注意
点击 这里 下载完整的示例代码
训练器示例¶
这是一个使用 PyTorch Lightning 训练模型的 TorchX 应用程序示例。
此应用程序仅使用标准 OSS 库,没有运行时 torchx 依赖项。它使用 fsspec 保存和加载数据和模型,这使得应用程序独立于其运行的环境。
用法¶
要将训练器作为 ddp 应用程序在本地运行,使用 1 个节点和 2 个每个节点的工作程序(世界大小 = 2)
$ torchx run -s local_cwd dist.ddp
-j 1x2
--script ./lightning/train.py
--
--epochs=1
--output_path=/tmp/torchx/train
--log_path=/tmp/torchx/logs
--skip_export
注意
--
用于区分组件 (dist.ddp
) 和应用程序参数。
使用 --help
选项查看应用程序选项的完整列表
$ torchx run -s local_cwd dist.ddp -j 1x1 --script ./lightning/train.py -- --help
它与 ./train.py --help
相当。要在远程调度器上运行,请使用 -s
选项指定调度器。根据远程调度器的类型,您可能需要使用 -cfg
选项传递其他调度器配置。有关更多详细信息,请参见 远程调度器。
import argparse
import os
import sys
import tempfile
from typing import List, Optional
import pytorch_lightning as pl
import torch
from pytorch_lightning.callbacks import ModelCheckpoint
from pytorch_lightning.loggers import TensorBoardLogger
from torchx.examples.apps.lightning.data import (
create_random_data,
download_data,
TinyImageNetDataModule,
)
from torchx.examples.apps.lightning.model import (
export_inference_model,
TinyImageNetModel,
)
from torchx.examples.apps.lightning.profiler import SimpleLoggingProfiler
# ensure data and module are on the path
sys.path.append(".")
def parse_args(argv: List[str]) -> argparse.Namespace:
parser = argparse.ArgumentParser(description="pytorch lightning TorchX example app")
parser.add_argument(
"--epochs", type=int, default=3, help="number of epochs to train"
)
parser.add_argument("--lr", type=float, help="learning rate")
parser.add_argument(
"--batch_size", type=int, default=32, help="batch size to use for training"
)
parser.add_argument("--num_samples", type=int, default=10, help="num_samples")
parser.add_argument(
"--data_path",
type=str,
help="path to load the training data from, if not provided, random data will be generated",
)
parser.add_argument("--skip_export", action="store_true")

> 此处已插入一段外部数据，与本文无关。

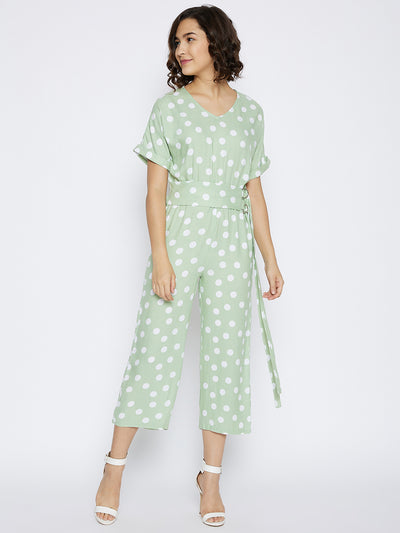 Green Printed Jumpsuit - Women Jumpsuits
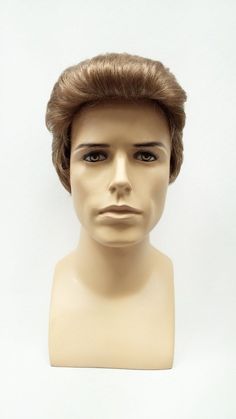 "Fashionable short and straight men's wig featuring a brushed-back style. Made with synthetic fibers. Color: Lightest Brown (14) Style: Short Circumference: Adjustable Cap , Default at 21\" (max 22\") Materials: Synthetic Wig Fiber All sales are final. Please read all store policies before purchasing." Back Combing, Style Wig, Mens Wigs, Wig Short, Dog Phone, Voluminous Hair, Synthetic Wig, Wig Styles, Remy Hair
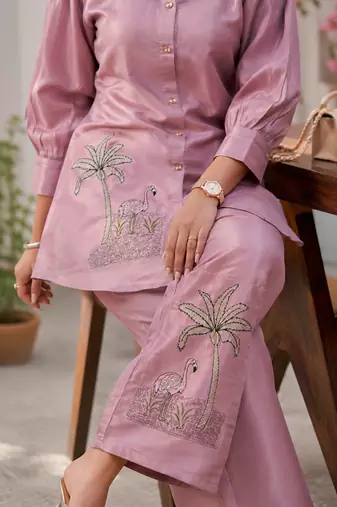 women's dusty rose shimmer satin embroidered co-ord set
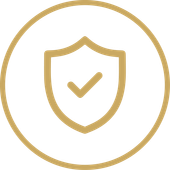 Gold shield with checkmark inside a thin gold circle on white background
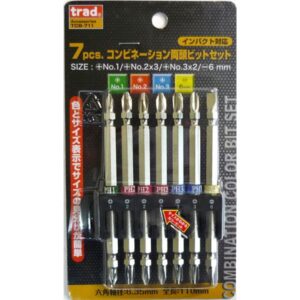 (業務用3セット) TRAD ドライバービットセット 【7個入り×3セット】 全長: 110mm 両頭ビット TCB-711 〔DIY用品/大工道具〕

parser.add_argument("--load_path", type=str, help="checkpoint path to load from")
parser.add_argument(
"--output_path",
type=str,
help="path to place checkpoints and model outputs, if not specified, checkpoints are not saved",
)
parser.add_argument(
"--log_path",
type=str,
help="path to place the tensorboard logs",
default="/tmp",
)
parser.add_argument(
"--layers",
nargs="+",
type=int,
help="the MLP hidden layers and sizes, used for neural architecture search",
)
return parser.parse_args(argv)
def get_model_checkpoint(args: argparse.Namespace) -> Optional[ModelCheckpoint]:
if not args.output_path:
return None
# Note: It is important that each rank behaves the same.
# All of the ranks, or none of them should return ModelCheckpoint
# Otherwise, there will be deadlock for distributed training
return ModelCheckpoint(
monitor="train_loss",
dirpath=args.output_path,
save_last=True,
)
def main(argv: List[str]) -> None:
with tempfile.TemporaryDirectory() as tmpdir:
args = parse_args(argv)
# Init our model
model = TinyImageNetModel(args.layers)
print(model)
# Download and setup the data module
if not args.data_path:
data_path = os.path.join(tmpdir, "data")
os.makedirs(data_path)
create_random_data(data_path)
else:
data_path = download_data(args.data_path, tmpdir)
data = TinyImageNetDataModule(
data_dir=data_path,
batch_size=args.batch_size,
num_samples=args.num_samples,
)
# Setup model checkpointing
checkpoint_callback = get_model_checkpoint(args)
callbacks = []
if checkpoint_callback:
callbacks.append(checkpoint_callback)
if args.load_path:
print(f"loading checkpoint: {args.load_path}...")
model.load_from_checkpoint(checkpoint_path=args.load_path)
logger = TensorBoardLogger(
save_dir=args.log_path, version=1, name="lightning_logs"
)
# Initialize a trainer
trainer = pl.Trainer(
num_nodes=int(os.environ.get("GROUP_WORLD_SIZE", 1)),
accelerator="gpu" if torch.cuda.is_available() else "cpu",
devices=int(os.environ.get("LOCAL_WORLD_SIZE", 1)),
strategy="ddp",
logger=logger,
max_epochs=args.epochs,
callbacks=callbacks,
profiler=SimpleLoggingProfiler(logger),
)
# Train the model ⚡
trainer.fit(model, data)
print(
f"train acc: {model.train_acc.compute()}, val acc: {model.val_acc.compute()}"
)
rank = int(os.environ.get("RANK", 0))
if rank == 0 and not args.skip_export and args.output_path:
# Export the inference model
export_inference_model(model, args.output_path, tmpdir)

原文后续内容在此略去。